Pick of the week: “Pete’s Dragon” (Netflix) — I’m not sure who saw David Lowery’s ’50s crime drama “Ain’t Them Bodies Saints” and thought “That guy should totally reboot a ’70s Disney movie featuring an animated dragon.” But I’m glad they did, because Lowery’s take is refreshingly old-fashioned storytelling that they don’t do much in family films anymore, relying on heart and emotion as much as effects. Although that is a pretty good-looking dragon.
“Bon Cop, Bad Cop” (Netflix) — This extremely Canadian send-up of buddy cop movies pairs a scruffy Quebecois cop with a by-the-book Ontario cop as they hunt down a conspiracy, which of course ends up involving pro hockey. Seeing it in a sold-out Orpheum Theatre on opening night of the Wisconsin FIlm Festival a decade ago is a favorite moviegoing memory.

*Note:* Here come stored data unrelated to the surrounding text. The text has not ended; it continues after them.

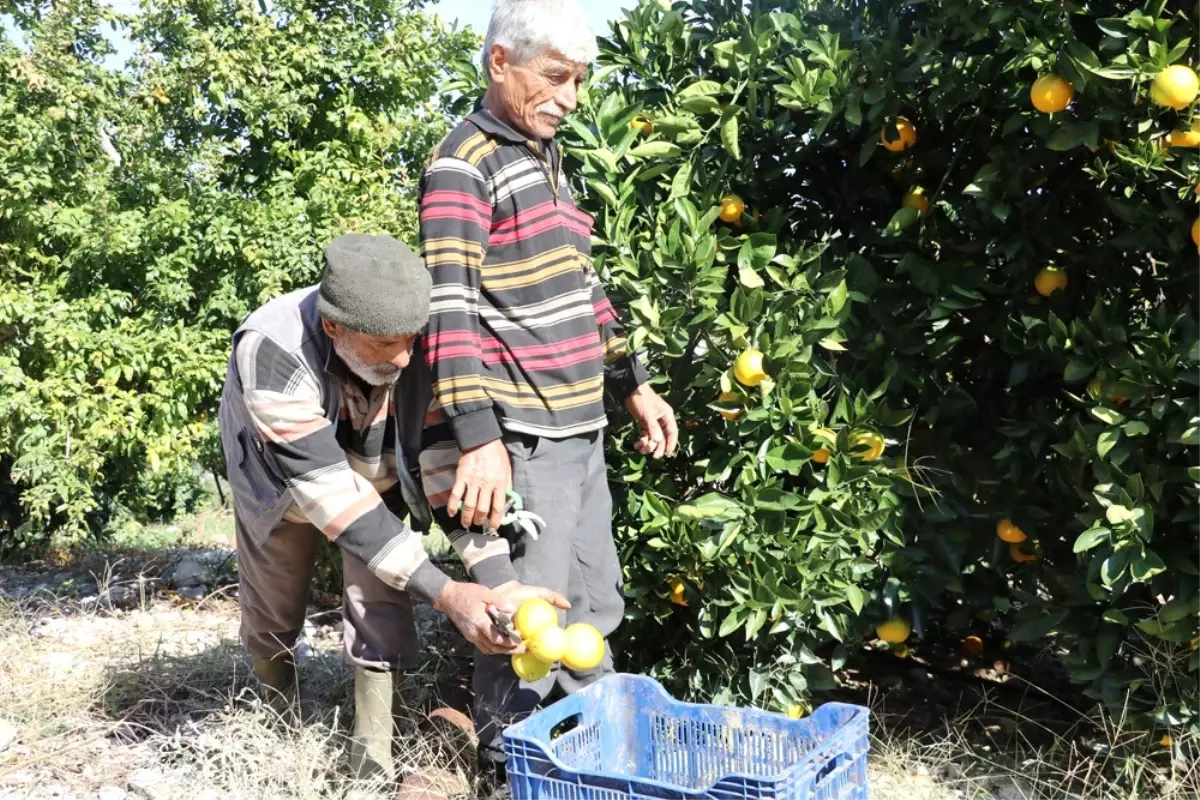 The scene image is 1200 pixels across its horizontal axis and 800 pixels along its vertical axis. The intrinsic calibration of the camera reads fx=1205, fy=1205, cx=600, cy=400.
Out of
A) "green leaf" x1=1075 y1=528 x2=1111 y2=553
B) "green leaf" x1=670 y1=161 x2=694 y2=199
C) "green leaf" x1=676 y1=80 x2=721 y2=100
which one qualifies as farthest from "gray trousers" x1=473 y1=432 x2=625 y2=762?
"green leaf" x1=1075 y1=528 x2=1111 y2=553

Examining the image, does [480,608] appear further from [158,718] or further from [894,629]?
[158,718]

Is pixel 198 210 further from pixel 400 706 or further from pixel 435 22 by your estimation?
pixel 400 706

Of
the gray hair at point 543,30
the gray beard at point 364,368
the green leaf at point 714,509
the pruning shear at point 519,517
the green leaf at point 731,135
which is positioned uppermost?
the gray hair at point 543,30

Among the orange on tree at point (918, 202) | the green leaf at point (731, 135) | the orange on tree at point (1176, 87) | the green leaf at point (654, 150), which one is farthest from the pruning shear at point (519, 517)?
the orange on tree at point (1176, 87)

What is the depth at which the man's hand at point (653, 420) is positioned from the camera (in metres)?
2.96

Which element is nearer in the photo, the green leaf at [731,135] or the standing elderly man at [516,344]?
the standing elderly man at [516,344]

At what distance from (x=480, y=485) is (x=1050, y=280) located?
148 cm

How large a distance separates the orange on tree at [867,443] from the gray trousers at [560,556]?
1.97 ft

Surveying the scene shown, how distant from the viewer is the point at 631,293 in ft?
9.54

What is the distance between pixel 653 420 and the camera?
9.70ft

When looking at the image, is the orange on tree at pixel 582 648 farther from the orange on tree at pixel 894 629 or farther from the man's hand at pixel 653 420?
the orange on tree at pixel 894 629

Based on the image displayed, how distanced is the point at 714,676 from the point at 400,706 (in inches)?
31.4

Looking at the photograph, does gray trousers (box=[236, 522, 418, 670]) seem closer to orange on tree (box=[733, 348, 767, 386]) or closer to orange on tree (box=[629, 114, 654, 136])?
orange on tree (box=[733, 348, 767, 386])

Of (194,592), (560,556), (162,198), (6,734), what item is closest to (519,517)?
(560,556) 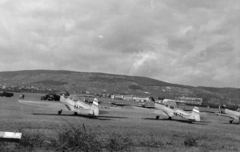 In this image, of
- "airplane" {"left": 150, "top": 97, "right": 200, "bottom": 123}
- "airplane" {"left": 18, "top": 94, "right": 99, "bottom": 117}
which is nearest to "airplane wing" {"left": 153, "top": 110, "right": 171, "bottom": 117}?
"airplane" {"left": 150, "top": 97, "right": 200, "bottom": 123}

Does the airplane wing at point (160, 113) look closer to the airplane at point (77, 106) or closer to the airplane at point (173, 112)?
the airplane at point (173, 112)

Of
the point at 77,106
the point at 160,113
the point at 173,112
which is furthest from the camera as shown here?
the point at 160,113

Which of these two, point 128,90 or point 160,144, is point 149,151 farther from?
point 128,90

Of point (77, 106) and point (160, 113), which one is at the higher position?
point (77, 106)

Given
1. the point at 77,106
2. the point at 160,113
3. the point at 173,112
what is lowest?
the point at 160,113

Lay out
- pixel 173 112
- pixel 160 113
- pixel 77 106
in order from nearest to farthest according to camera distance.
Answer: pixel 77 106 → pixel 173 112 → pixel 160 113

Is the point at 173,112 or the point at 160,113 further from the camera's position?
the point at 160,113

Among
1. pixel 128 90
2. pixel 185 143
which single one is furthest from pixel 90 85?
pixel 185 143

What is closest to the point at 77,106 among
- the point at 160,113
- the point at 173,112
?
the point at 160,113

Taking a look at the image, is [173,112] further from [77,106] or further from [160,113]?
[77,106] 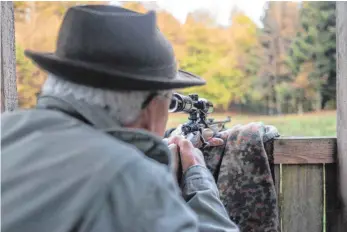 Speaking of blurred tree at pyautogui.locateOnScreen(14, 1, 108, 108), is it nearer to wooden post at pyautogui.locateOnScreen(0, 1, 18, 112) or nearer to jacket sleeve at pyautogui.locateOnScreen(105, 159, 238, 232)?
wooden post at pyautogui.locateOnScreen(0, 1, 18, 112)

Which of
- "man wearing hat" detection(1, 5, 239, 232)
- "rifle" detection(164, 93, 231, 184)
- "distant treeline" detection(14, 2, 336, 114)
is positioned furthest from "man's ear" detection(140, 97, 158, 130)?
"distant treeline" detection(14, 2, 336, 114)

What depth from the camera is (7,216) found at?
0.96 m

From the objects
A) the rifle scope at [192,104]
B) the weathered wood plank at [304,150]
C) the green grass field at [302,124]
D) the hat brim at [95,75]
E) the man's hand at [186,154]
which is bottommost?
the green grass field at [302,124]

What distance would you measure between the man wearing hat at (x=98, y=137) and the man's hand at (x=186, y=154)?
31cm

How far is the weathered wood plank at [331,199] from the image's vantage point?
2.19 metres

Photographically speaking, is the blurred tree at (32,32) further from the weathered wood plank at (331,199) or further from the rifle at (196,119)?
the weathered wood plank at (331,199)

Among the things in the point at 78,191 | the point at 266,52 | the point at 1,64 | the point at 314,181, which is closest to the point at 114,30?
the point at 78,191

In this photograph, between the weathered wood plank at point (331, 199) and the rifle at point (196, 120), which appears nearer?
the rifle at point (196, 120)

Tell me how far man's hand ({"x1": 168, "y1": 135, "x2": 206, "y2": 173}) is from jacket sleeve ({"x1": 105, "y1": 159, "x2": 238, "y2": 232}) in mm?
454

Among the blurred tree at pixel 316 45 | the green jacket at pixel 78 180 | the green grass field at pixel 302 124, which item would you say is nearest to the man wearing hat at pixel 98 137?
the green jacket at pixel 78 180

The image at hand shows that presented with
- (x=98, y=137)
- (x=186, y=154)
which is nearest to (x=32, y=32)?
(x=186, y=154)

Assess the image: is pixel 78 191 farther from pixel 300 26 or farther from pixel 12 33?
pixel 300 26

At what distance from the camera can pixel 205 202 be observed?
138 centimetres

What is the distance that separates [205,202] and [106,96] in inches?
18.6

“Howard’s End” (Netflix) — My full review is here. Ismail Merchant and James Ivory’s finally observed adaptation of the E.M. Forster shows a pair of middle-class sisters (Emma Thompson and Helena Bonham Carter) pulled apart between the upper and lower classes, and a small disused country house becomes both the object of strife and, potentially, a symbol of how Britain’s different classes might learn to live harmoniously together. Maybe.
“Everybody Wants Some!!“ (Amazon Prime) — After “Boyhood,” Richard Linklater apparently wanted to kick back a little with this spiritual sequel to “Dazed and Confused,” looking at a group of college baseball players in the 1980s. Along with the keg parties and team pranks, the film is kind of sweet in looking at all the possibilities open when you first arrive at college.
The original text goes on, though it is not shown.